Male frogs and toads need highly developed body-trunk muscles in order to drive air over their vocal chords and produce those surprisingly loud calls. Packed with mitochondria, the powerhouses of the cells, the singing muscles have the capacity for high aerobic metabolism. Plus, frogs and toads call for such a long time that their muscles must eventually switch from burning carbs to burning fats, just like human endurance athletes.
What’s the point of all that muscle and noise? Impressing the ladies, of course! The impassioned calls draw females toward the pond. The more females their collective calling can attract, the better chance each male has of finding a mate. Wood frogs are “explosive breeders,” meaning that they gather in large numbers for a short time.
For just a few weeks, this wood frog choir will resume their performance whenever the temperature rises near 50 degrees F. and above. In the chill of early spring, this means that frogs will sing even during the day. By late spring, though, they prefer to sing on warm evenings under the cover of darkness.
Although large numbers of frogs mean increased competition, it also means greater opportunity. Amusingly, wood frogs can’t see or smell whether a party guest is male or female. Male frogs just approach everyone from behind and give them a hug. Fellow males feel skinny and give a loud croak. They are released. Females who have already mated and laid their eggs are slender but silent. They also get released. When a male frog grips a plump female—chock full of eggs—he hooks his thumbs around in front of her and doesn’t let go. This is called “amplexus.”

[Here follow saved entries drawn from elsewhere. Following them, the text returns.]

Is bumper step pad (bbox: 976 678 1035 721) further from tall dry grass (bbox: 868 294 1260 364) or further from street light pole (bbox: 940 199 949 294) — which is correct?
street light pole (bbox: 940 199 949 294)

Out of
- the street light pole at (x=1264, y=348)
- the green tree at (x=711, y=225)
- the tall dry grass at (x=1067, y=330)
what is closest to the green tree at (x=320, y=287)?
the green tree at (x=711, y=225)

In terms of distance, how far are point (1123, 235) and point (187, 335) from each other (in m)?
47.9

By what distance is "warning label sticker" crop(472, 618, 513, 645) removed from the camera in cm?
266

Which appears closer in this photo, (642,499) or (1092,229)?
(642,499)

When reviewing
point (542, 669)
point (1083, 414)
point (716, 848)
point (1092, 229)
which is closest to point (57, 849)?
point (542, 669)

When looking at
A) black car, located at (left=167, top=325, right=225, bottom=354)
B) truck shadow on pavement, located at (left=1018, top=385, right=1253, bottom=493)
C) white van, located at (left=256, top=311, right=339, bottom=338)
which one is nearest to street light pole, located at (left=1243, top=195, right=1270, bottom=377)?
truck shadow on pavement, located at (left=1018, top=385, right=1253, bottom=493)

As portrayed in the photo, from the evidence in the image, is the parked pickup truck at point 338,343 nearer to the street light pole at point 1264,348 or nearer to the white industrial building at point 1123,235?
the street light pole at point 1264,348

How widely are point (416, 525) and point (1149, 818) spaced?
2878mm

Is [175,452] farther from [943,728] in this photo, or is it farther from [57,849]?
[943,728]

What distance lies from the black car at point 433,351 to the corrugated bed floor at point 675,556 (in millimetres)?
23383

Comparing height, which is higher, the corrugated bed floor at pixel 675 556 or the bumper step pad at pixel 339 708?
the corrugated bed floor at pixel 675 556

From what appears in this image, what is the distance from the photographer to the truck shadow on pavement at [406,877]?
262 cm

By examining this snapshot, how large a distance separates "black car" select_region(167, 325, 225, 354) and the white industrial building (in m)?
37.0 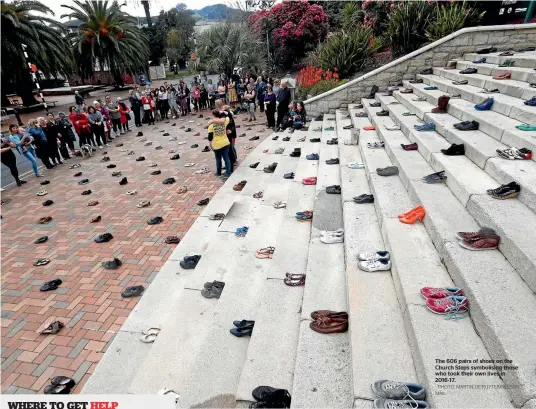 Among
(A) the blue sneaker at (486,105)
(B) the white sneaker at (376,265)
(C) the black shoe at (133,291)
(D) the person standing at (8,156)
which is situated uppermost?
(A) the blue sneaker at (486,105)

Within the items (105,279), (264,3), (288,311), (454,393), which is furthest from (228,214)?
(264,3)

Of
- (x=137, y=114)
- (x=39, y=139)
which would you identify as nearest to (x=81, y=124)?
(x=39, y=139)

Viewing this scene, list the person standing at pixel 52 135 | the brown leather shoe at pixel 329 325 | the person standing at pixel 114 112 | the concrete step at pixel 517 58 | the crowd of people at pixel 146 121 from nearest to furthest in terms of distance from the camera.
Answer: the brown leather shoe at pixel 329 325, the concrete step at pixel 517 58, the crowd of people at pixel 146 121, the person standing at pixel 52 135, the person standing at pixel 114 112

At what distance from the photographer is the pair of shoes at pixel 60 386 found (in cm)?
316

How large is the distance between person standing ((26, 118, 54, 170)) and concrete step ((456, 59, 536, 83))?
12.5 meters

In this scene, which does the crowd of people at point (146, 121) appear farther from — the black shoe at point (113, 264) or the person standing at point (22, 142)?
the black shoe at point (113, 264)

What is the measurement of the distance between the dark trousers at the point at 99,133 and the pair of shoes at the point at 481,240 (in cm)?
1262

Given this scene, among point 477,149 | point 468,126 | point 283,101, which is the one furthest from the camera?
point 283,101

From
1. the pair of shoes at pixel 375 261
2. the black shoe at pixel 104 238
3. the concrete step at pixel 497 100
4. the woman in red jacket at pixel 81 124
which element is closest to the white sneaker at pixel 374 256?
the pair of shoes at pixel 375 261

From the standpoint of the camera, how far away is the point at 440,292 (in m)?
2.50

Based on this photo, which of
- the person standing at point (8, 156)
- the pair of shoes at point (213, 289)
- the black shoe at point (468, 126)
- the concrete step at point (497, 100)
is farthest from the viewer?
the person standing at point (8, 156)

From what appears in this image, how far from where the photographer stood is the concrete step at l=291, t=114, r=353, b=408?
2.27 meters

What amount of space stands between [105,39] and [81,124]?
22.2 meters

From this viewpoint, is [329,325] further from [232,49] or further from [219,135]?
[232,49] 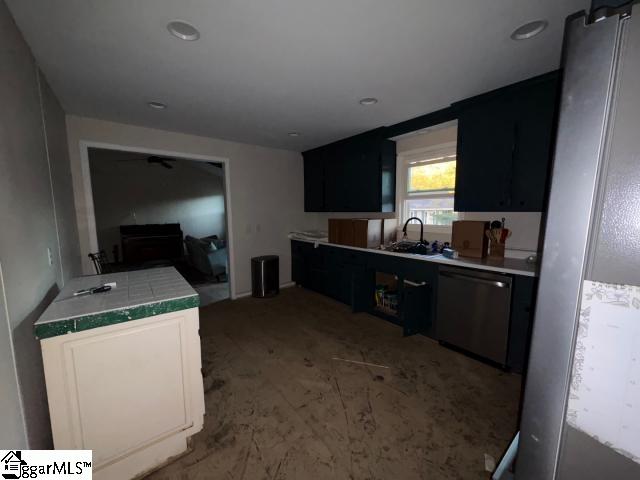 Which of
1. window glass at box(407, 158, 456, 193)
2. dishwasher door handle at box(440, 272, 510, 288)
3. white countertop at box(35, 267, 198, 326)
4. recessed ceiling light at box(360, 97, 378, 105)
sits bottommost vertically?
dishwasher door handle at box(440, 272, 510, 288)

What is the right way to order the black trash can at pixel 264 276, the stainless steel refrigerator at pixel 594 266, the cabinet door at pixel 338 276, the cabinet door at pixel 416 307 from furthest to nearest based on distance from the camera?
the black trash can at pixel 264 276 < the cabinet door at pixel 338 276 < the cabinet door at pixel 416 307 < the stainless steel refrigerator at pixel 594 266

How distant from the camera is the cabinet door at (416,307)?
98.5 inches

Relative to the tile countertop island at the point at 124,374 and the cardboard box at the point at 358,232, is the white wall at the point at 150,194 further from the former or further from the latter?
the tile countertop island at the point at 124,374

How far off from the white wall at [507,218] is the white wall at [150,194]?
4.62 metres

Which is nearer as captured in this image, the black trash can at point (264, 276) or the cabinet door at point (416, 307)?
the cabinet door at point (416, 307)

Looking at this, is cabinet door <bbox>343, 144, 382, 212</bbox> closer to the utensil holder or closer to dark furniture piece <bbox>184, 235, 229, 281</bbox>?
the utensil holder

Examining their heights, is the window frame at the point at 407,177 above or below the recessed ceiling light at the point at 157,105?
below

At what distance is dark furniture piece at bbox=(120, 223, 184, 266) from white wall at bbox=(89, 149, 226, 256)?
323mm

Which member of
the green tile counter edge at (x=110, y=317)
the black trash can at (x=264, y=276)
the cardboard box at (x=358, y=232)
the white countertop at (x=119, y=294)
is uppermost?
the cardboard box at (x=358, y=232)

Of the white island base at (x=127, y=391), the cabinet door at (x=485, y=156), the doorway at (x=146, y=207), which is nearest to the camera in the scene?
the white island base at (x=127, y=391)

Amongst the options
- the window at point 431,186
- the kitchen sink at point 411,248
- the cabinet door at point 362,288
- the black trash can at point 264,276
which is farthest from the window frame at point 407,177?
the black trash can at point 264,276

Fertilization happens externally as the female deposits her eggs in a floating mass. Here, too, explosive breeding is useful. When many wood frogs lay their eggs together, the eggs in the center gain protection from predators, absorb heat and develop faster. In a vernal pool with a limited lifespan, anything that hastens development is beneficial. Eggs laid in the cold infancy of spring mature slowly, over the course of a month. That’s ok, because the pools also evaporate slowly then. By late spring, though, the eggs may hatch in only 10 to 14 days, and the larvae must waste no time in developing landlubbing lungs and legs before the waning wetland disappears.
If you miss the early spring chorus, don’t worry; there are 14 species of frogs and toads in Minnesota, and they all wake up and begin singing their songs in a typical order each year. While an early spring will find wood frogs breeding as early as March, you’ll still be able to hear green frogs, bullfrogs and mink frogs near your favorite lake or wetland in July.